## TASK DETAILS
Please restate word for word the lines of the entries below from the one with "Lululemon adapted state" to the one with "be62ad4672e8f74b54e1337ee70707ebbf3abba8 · Casa", inclusive, and leave out every picture.

## THE DATA
===
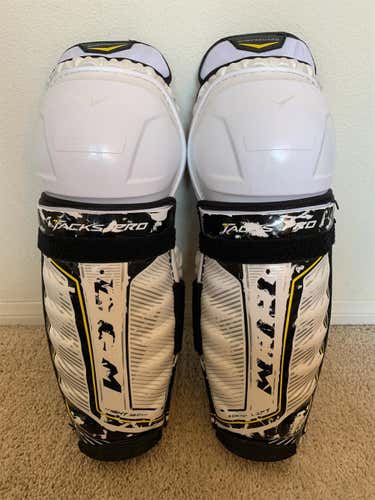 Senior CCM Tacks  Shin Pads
===
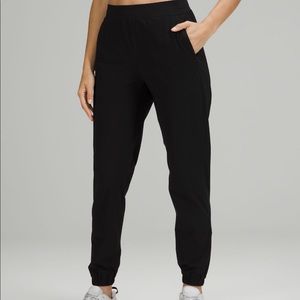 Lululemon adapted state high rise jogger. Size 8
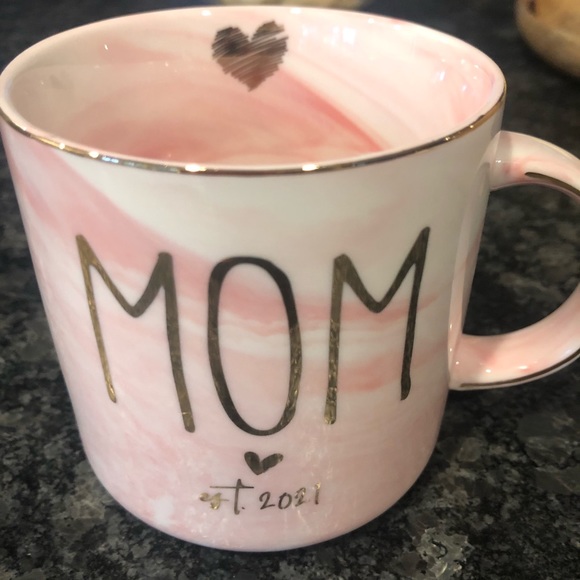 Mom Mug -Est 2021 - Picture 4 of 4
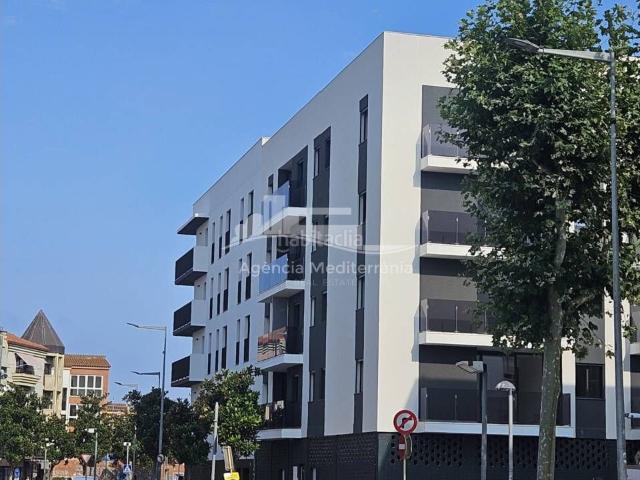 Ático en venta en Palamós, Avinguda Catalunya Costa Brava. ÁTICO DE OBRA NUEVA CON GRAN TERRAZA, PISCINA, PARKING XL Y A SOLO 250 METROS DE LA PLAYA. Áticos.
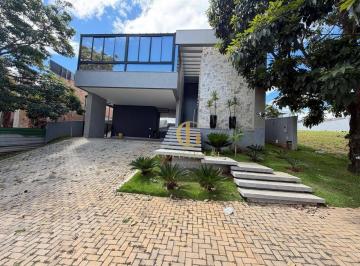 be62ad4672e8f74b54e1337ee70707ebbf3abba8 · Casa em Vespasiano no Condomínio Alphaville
===
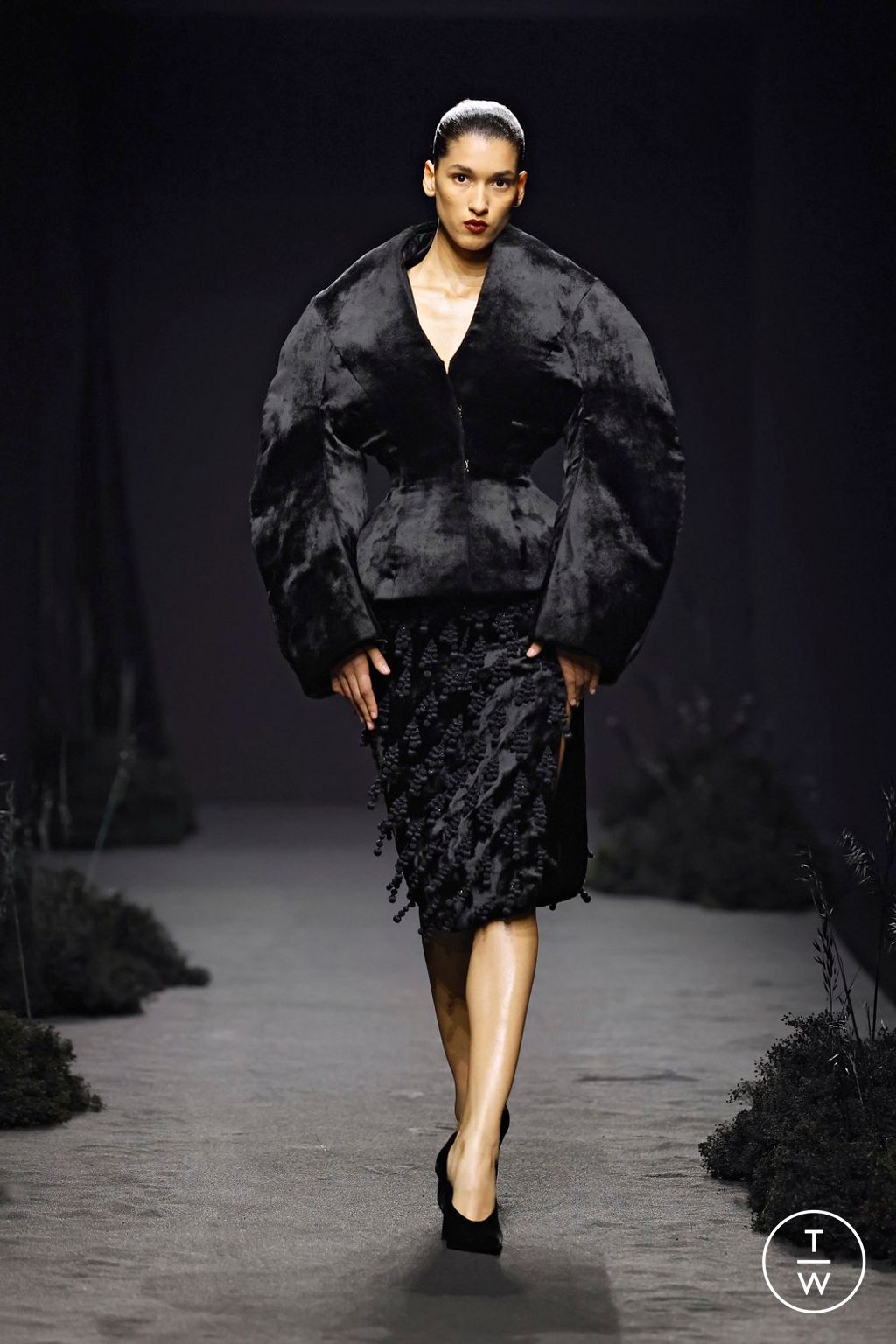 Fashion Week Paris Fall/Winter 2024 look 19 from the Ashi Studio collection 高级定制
===
## THE COMPLETED TASK
 Lululemon adapted state high rise jogger. Size 8
 Mom Mug -Est 2021 - Picture 4 of 4
 Ático en venta en Palamós, Avinguda Catalunya Costa Brava. ÁTICO DE OBRA NUEVA CON GRAN TERRAZA, PISCINA, PARKING XL Y A SOLO 250 METROS DE LA PLAYA. Áticos.
 be62ad4672e8f74b54e1337ee70707ebbf3abba8 · Casa em Vespasiano no Condomínio Alphaville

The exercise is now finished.